Il ne faut pas non plus jeter tout ce qu'on peut associer au "wokisme" avec l'eau du bain. Je pense par exemple aux gains que les personnes trans ont fait récemment* qui, sans ceux qu'on considère wokes, n'aurait sûrement pas été possibles.
Peut-être moins vite (et donc pas assez vite, j'en conviens), mais j'ai bon espoir qu'on y serait arrivé quand même. Le dernier siècle a été un long marathon progessiste. Les wokes sont nés il y a dix ans, ont appris à courir depuis cinq ans et prennent des stéroïdes depuis quatre ans. Oui quelques médailles d'or rapides, bravo, mais ces victoires-là, on aurait fini par les avoir anyway.

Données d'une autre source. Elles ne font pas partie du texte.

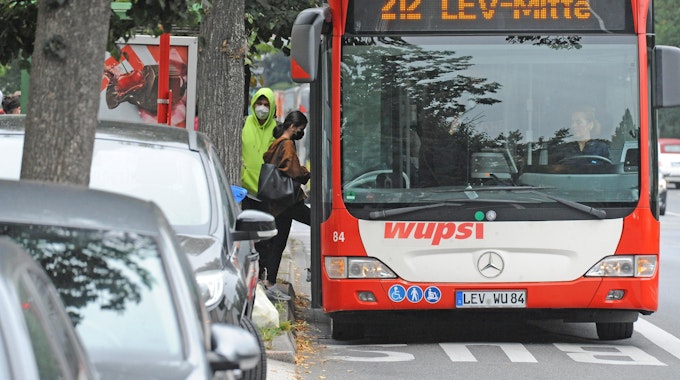 Volle Busse sind derzeit in Leverkusen ein großes Thema.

Et ces avancées-là ont le don de nous faire perdre de vue qu'il y en a un méchant paquet qui non seulement courent dans la mauvaise direction, mais veulent en empêcher d'autres de courir, leur dicter la "bonne manière de courir", les heures auxquelles ils devraient courir, comment s'habiller pour courir, etc.
Maintenant, si tu me parles de censurer des mots dans des livres ou de ne plus pouvoir enseigner Ducharme à l'université, ça c'est non! Inacceptable pour moi. Là je trouve que le mouvement se tire dans le pied et donne des munitions sur un plateau d'argent à leur détracteurs. C'est très délicat de vouloir faire dévier la façon d'enseigner à l'université et on devrait pouvoir avoir le droit de mettre les choses dans leur contexte. Et le niaisage, c'est de commencer à flouer des mots ou d'escamoter des passages.
Oui, c'est surtout ce dont je parle. Et j'en pense tout autant je l'ai dit de l'écriture épicène qui censure ouvertement des adjectifs (sous prétexte qu'on peut les mettre au masculin ou au féminin) et qui nous proposent de les remplacer par n'importe quel synonyme. Comme si tous les mots se valaient. Même raisonnemement que "remplaçons Ducharme par tel autre" ou "remplaçons Félix Leclerc par tel autre".
En passant je lis les réactions depuis ce matin et clairement, ça ne passe pas. Je vois plusieurs gauchistes dénoncer ça, c'est rassurant.
J'ai lu mes quatre articles du mois, mais je vais aller m'abonner juste pour ça.
Bon bon, c'est beau Estelle.
Je te promets de prendre la critique le jour où tu vas me sortir ça de façon approprié, mais contrairement à Estelle, je ne fais pas de la gérance d'estrade en affirmant "On aurait dû effectuer un virage pour éviter cet iceberg" (ce qui m'agace prodigieusement). Bien au contraire, je dis qu'il y a un iceberg droit devant. Non seulement il est là, mais on n'en aperçoit en ce moment que le 10% qui s'élève au-dessus des vagues.